The overwhelming majority of youth with RAP do not suffer from explanatory physical disease (eg,
peptic ulcer, inflammatory bowel disease), with tissue pathology in <10%. Specific structural, infectious, inflammatory, or biochemical abnormalities
are particularly unusual in the absence of “red flags” such as weight loss, gastrointestinal bleeding, fever,
anemia, persistent vomiting, or frequent nighttime awakening from pain. Gastroenterologists have developed a descriptive
nosology for functional gastrointestinal disorders by classifying gastrointestinal symptoms in the absence of explanatory
structural or biochemical abnormalities. RAP in the absence of explanatory physical disease is thus broadly considered
to be functional abdominal pain (FAP).
Symptom-based diagnostic criteria for pediatric functional gastrointestinal disorders were first
published in 1999. The most common diagnoses applied to youth with FAP are irritable bowel syndrome (IBS) and functional
dyspepsia (FD). Approximately 25% of youth with FAP cannot be classified using existing diagnostic criteria. Lack of
a biomedical explanation led early workers to consider FAP “psychogenic,” with a biopsychosocial view being
emphasized more recently.
Pediatric FAP is associated with impairment (eg, poor school attendance and performance), perceived health limitations,
and psychosocial difficulties. Compared to unaffected peers, youth with FAP use more ambulatory health services and are
at heightened risk to undergo potentially dangerous medical investigations and procedures, with one study reporting a history
of appendectomy in 11% of young adults with a childhood history of FAP. Pediatric FAP is commonly temporally associated
with nongastrointestinal somatic symptoms, most notably headache, including migraine, and youth with FAP may be especially
sensitive to both visceral and peripheral physical sensations.
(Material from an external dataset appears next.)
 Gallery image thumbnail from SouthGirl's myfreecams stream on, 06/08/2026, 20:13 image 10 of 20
Anxiety and depressive symptoms have also been consistently associated with pediatric FAP in tertiary care, primary care,
and community-based settings with few negative reports, and anxiety may correlate with abdominal pain severity, frequency,
and duration. Anxiety disorders and depressive disorders have been reported in ~75% and 40% of youth with FAP, respectively.
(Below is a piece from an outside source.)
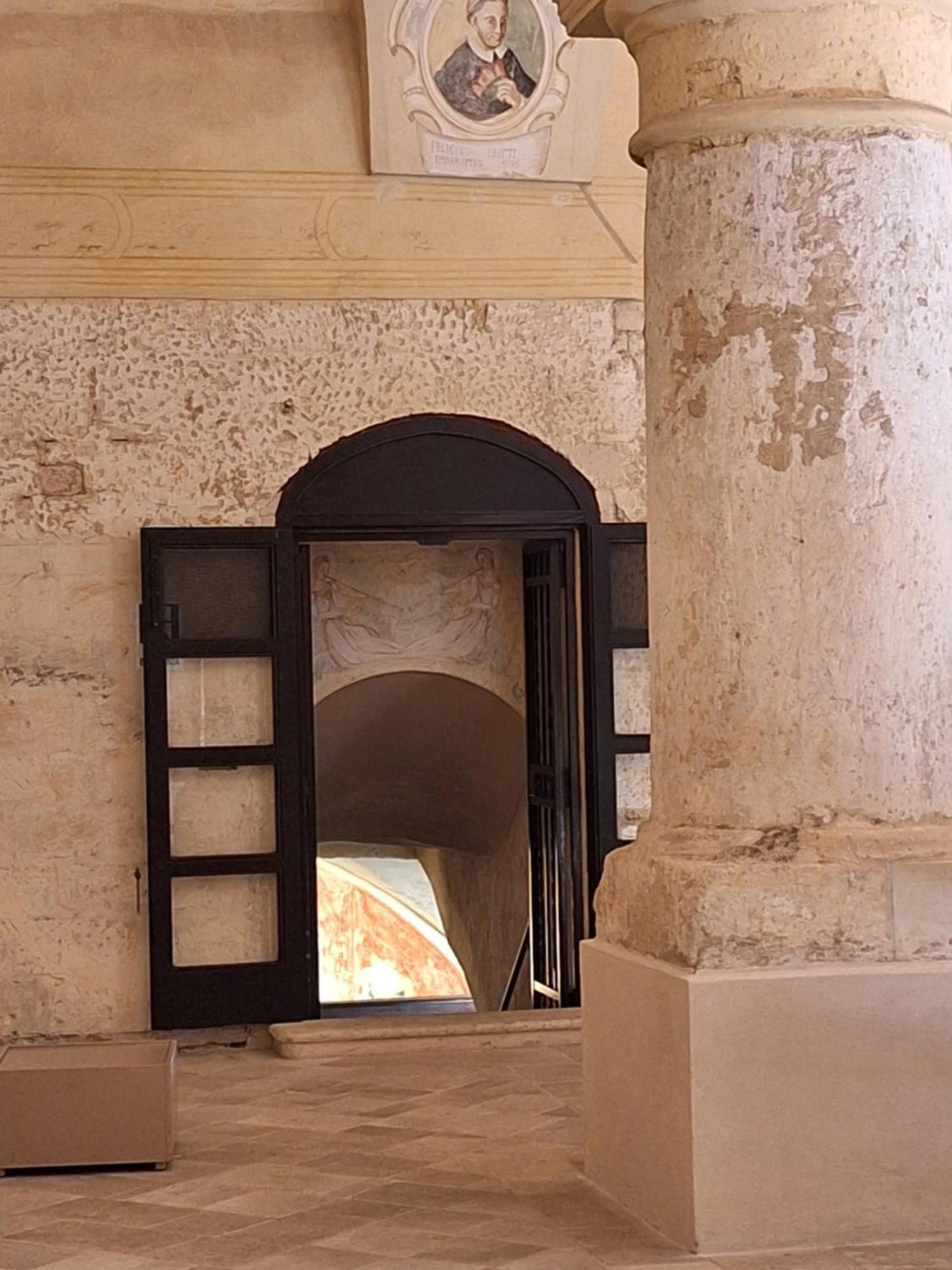 Chiostro Dei Domenicani - Dimora Storica Lecce Exteriör bild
Developmental Implications
Though FAP may persist for years, its longitudinal course has not been well studied. Adult IBS patients are more likely
to retrospectively endorse childhood FAP than controls, and early, methodologically weak follow-up studies report FAP persistence
into adulthood in one-third to one-half of affected children. More recent studies of clinical samples using standardized
assessments and control groups suggest that childhood FAP predicts persistent abdominal pain, IBS, other somatic symptoms,
and greater health service use in adulthood. Females with childhood FAP may be significantly more likely to develop IBS
and emotional distress 5 years later. A small study comparing 28 young adults with a history of FAP to 28 age- and gender-matched
controls with nongastrointestinal childhood illness found that 39% of the FAP group met criteria for IBS in adulthood compared
to 21% of controls, but the difference was not statistically significant. Over one-third of FAP subjects met lifetime criteria
for migraine, twice as many as controls (36% vs. 14%), with a trend toward statistical significance. Former FAP subjects
also endorsed significantly more physical role impairment, perceived vulnerability to physical symptoms, and hypochondriacal
preoccupations than did controls.
Familial Associations
With few exceptions, parents of youth with FAP in clinical and community samples report an excess of gastrointestinal
pain than do parents of controls. One study reported that 46% of children with FAP had a first degree relative with a history
of chronic abdominal pain in comparison to 8% of unaffected children. Parents of youth with FAP also report more non-gastrointestinal
somatic symptoms such as headache and disorders such as migraine and functional somatic syndromes such as chronic fatigue.
A more recent study that compared 59 mothers of youth with FAP identified by screening in primary care to 76 mothers of
pain-free controls found that 29% of FAP mothers met lifetime diagnostic criteria using a standardized assessment for IBS,
with <10% of control mothers suffering from IBS. FAP mothers were also significantly more likely to suffer from migraine
(37% vs. 20%), chronic fatigue syndrome (9% vs. 1%), and somatoform disorders (18% vs. 1%) than control mothers, use more
ambulatory medical services, and report more somatic symptoms and bodily pain than controls. These rates are higher than
reported population prevalences of 3%–20% for IBS, 10%–12% for migraine (15%–25% for women), and 0.007–%2.8%
for chronic fatigue syndrome. Despite the large differences between FAP mothers and controls on univariate analyses, maternal
IBS and migraine were not significantly associated with pediatric FAP on multivariable regression that adjusted for demographic
correlates and maternal anxiety and depression.
Conclusion
The preceding information challenges a narrow conceptualization of FAP as a gastrointestinal disorder only. FAP is associated
across development with a variety of emotional (ie, anxiety and depression) and nongastrointestinal somatic symptoms and
disorders (eg, headache, migraine, fatigue), and several studies suggest childhood FAP is a better predictor of adult anxiety
and depression than of IBS. Similarly, family members of FAP youth experience higher rates of somatic and emotional distress
and disorders than the relatives of unaffected peers, and FAP is more consistently associated with anxiety and depressive
disorders in the relatives of youth with FAP than in those with IBS or other specific somatic disorders such as migraine.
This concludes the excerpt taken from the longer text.